Prosecutors argue Nagarwala, the lead defendant, did exactly that when she cut the genitals of two 7-year-old Minnesota girls who were tricked into the procedure in 2017 by their mothers and cried and bled afterward. They said Nagarwala did this with the help of Dr. Fakhuruddin Attar, who is accused of letting Nagarwala use his Livonia clinic after hours to carry out the procedures; and his wife, Farida Attar, who is accused of assisting Nagarwala in the examination room during the procedures and holding the girls' hands.
Prosecutors allege that Nagarwala may have subjected up to 100 girls to the procedure over a 12-year period, though they have cited nine victims in the case: two 7-year-old girls from Minnesota; four Michigan girls ages 8-12, including one who was given Valium ground up in liquid Tylenol during her procedure; and three Illinois girls.
Nagarwala has maintained she committed no crime and is being prosecuted under a law that slid through Congress without proper vetting.
“The law was never debated on the floor of either chamber of Congress nor was there ever any legislative hearing addressing the justification or need for the federal law. Instead, all that exists is the criminal statute itself,” defense lawyers have argued in court documents, claiming the driving force behind the legislation was one lawmaker's belief that the prohibited conduct was 'repulsive and cruel.' "
But the Constitution demands more than that, the defense has argued, claiming Congress could not have passed a female genital mutilation ban under the Commerce Clause because "notably, here, the activity being regulated has absolutely no effect on interstate commerce."
The prosecution disagrees, arguing genital mutilation is an illegal, secretive and dangerous health care service that involves interstate commerce on a number of fronts: text messages are used to arrange the procedure; parents drive their children across state lines to get the procedure; and the doctor uses medical tools in state-licensed clinics to perform the surgeries.
In defending the statute, prosecutors also have noted that FGM is condemned worldwide -- it's illegal in more than 30 countries.

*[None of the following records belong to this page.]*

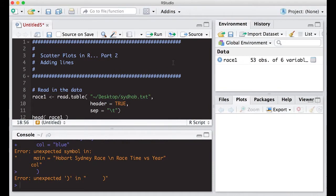Welcome to the R video tutorial on Scatter Plots in R, part two, adding lines. This is part of Statistics 321 at Virginia Commonwealth University, but anybody can use it.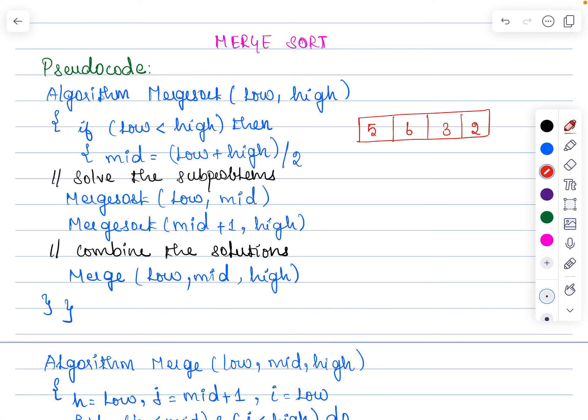In this video I am going to discuss the pseudo code and the time complexity analysis of Merge Sort. In the previous video we discussed two examples and checked how Merge Sort works to sort an array. Here we will discuss the pseudo code, following that we will discuss the time complexity analysis along with its recurrence relation, as well as each and every case scenario.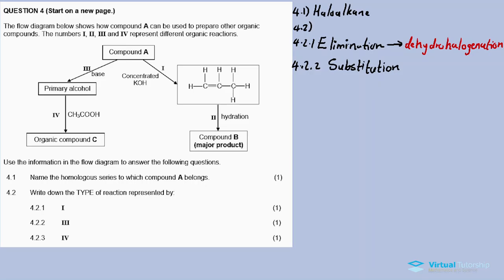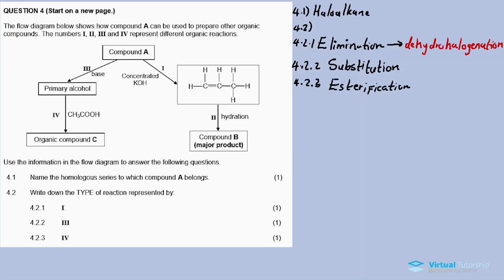For 4.2.3: Reaction 4 involves a primary alcohol reacting with a carboxylic acid. We know it's a carboxylic acid because of the COOH functional group. So a primary alcohol with a carboxylic acid produces compound C, which is an ester. So it's a condensation reaction or esterification reaction.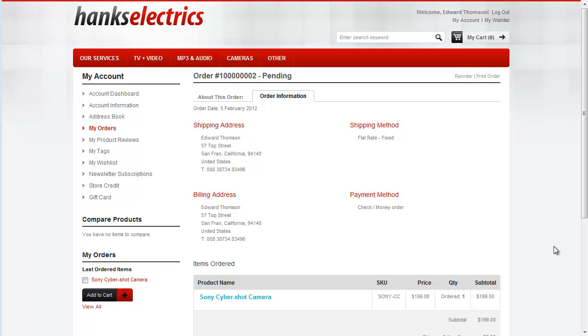So far in the Magento series we've seen how to install Magento, connect it to your Brightpearl account, work with categories, products, reference data and inventory. In this video we're going to see how you manage orders.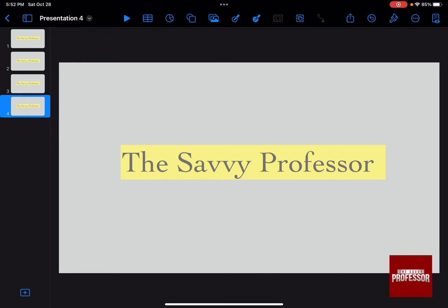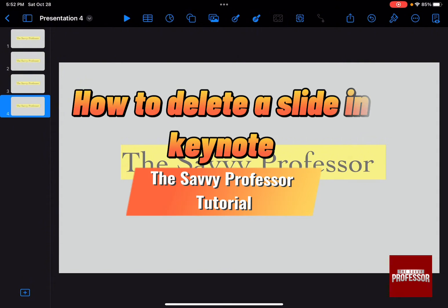Hello guys and welcome to the Savvy Professor. And in today's video, I'm going to show you how to delete a slide in Keynote.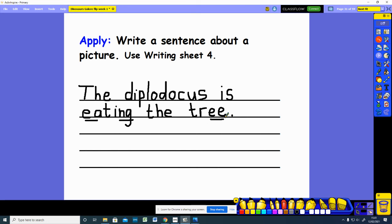You could also have written 'The Diplodocus is in the water' or 'The Diplodocus is rolling on the ground' — it's up to you what you write. Your job now is to choose a picture from the story. It does not need to be the picture of the Diplodocus — it could be any of the pictures. Write a sentence about that picture. Use writing sheet four to do this work. Thank you for all your hard work, children. I'm really looking forward to reading your sentence about your picture. Goodbye!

And they've cited the legislative history of the law, along with U.S. Senator Harry Reid's comments in pushing for a genital mutilation ban.
“I want everyone within the sound of my voice to understand that what I am going to talk about here today does not deal with religion and it does not deal with sex. It deals with violation of a person’s human rights. It deals with degradation of women and young girls. It deals with the most inhumane thing a person can imagine,” Reid stated in 1994.
On September 30, 1996, the female genital mutilation law was signed, with Reid stressing: “There is no medical reason for this procedure ... It is used as a method to keep girls chaste and to ensure their virginity until marriage, and to ensure that after marriage they do not engage in extramarital sex.”
The female genital mutilation statute carries a maximum punishment of five years in prison. The defendants, meanwhile, also face up to 20 years in prison on obstruction of justice charges, if convicted.
The most serious charge against Nagarwala — conspiracy to transport a minor "with intent to engage in criminal sexual conduct" — carries a maximum life sentence.
Four mothers also have been charged, accused of subjecting their daughters to the unlawful procedure.
The defendants are all members of a small Indian Muslim sect known as the Dawoodi Bohra, which has a mosque in Farmington Hills. The sect practices female circumcision and believes it is a religious rite of passage that involves only a minor "nick."
The case is set to go to trial in April 2019.